▶ _TASK_
Within the records that follow, restate exactly the lines from the line with "2025년 개청 30주년 새해인사회 의 사진38" down to the line with "Lord Byron: Selected Poems", including both. Omit the pictures.

▶ _INPUT DATA_
- - -
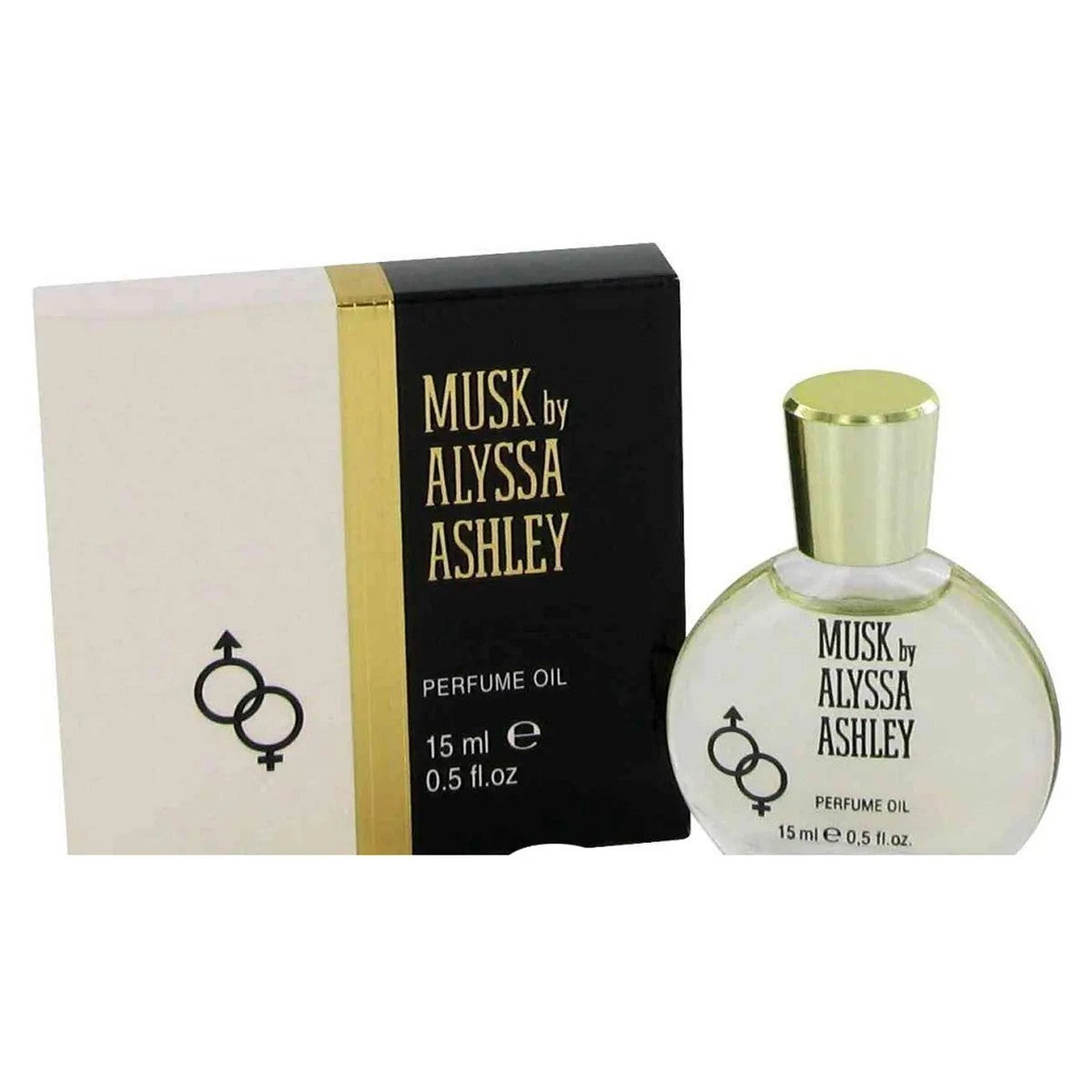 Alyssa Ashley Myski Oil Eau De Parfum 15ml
- - -
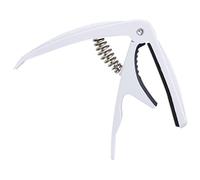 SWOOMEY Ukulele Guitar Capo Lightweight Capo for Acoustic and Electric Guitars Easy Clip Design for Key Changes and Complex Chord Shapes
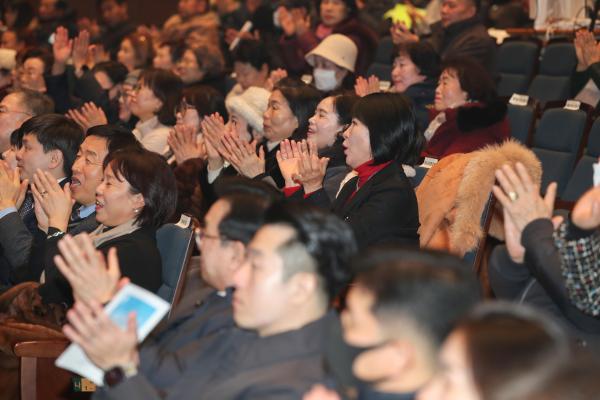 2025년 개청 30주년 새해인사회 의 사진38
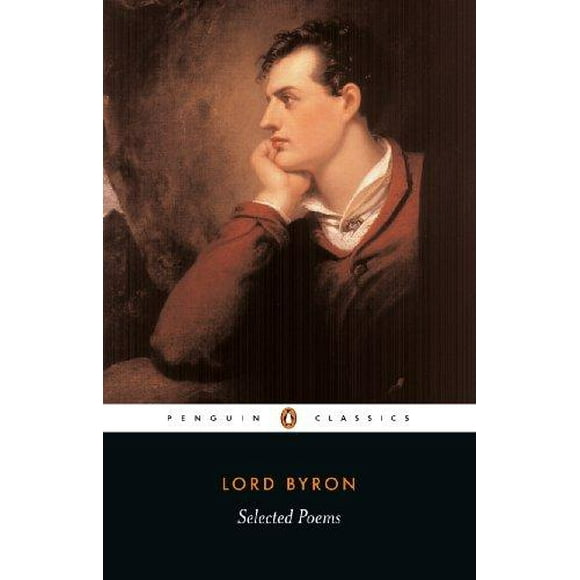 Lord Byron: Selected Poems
- - -
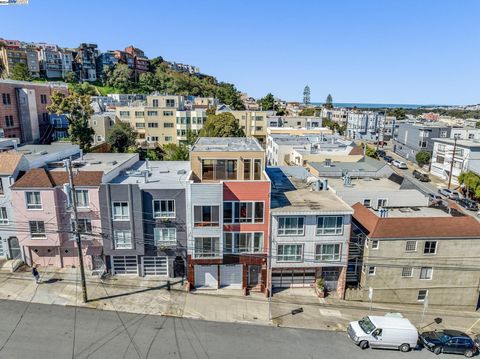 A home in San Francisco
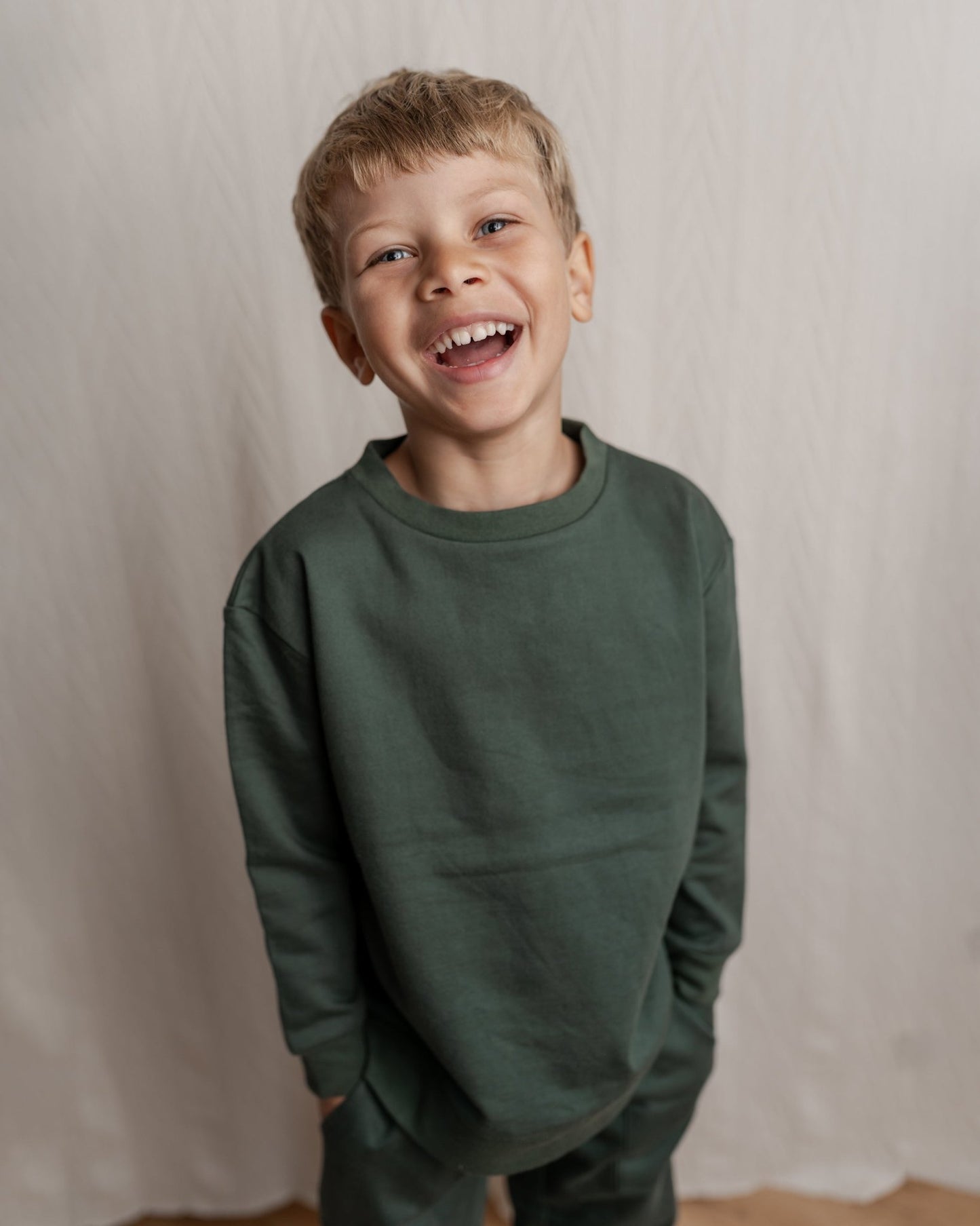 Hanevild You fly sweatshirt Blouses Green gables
- - -
▶ _ANSWER TO THIS PROBLEM_
 2025년 개청 30주년 새해인사회 의 사진38
 Lord Byron: Selected Poems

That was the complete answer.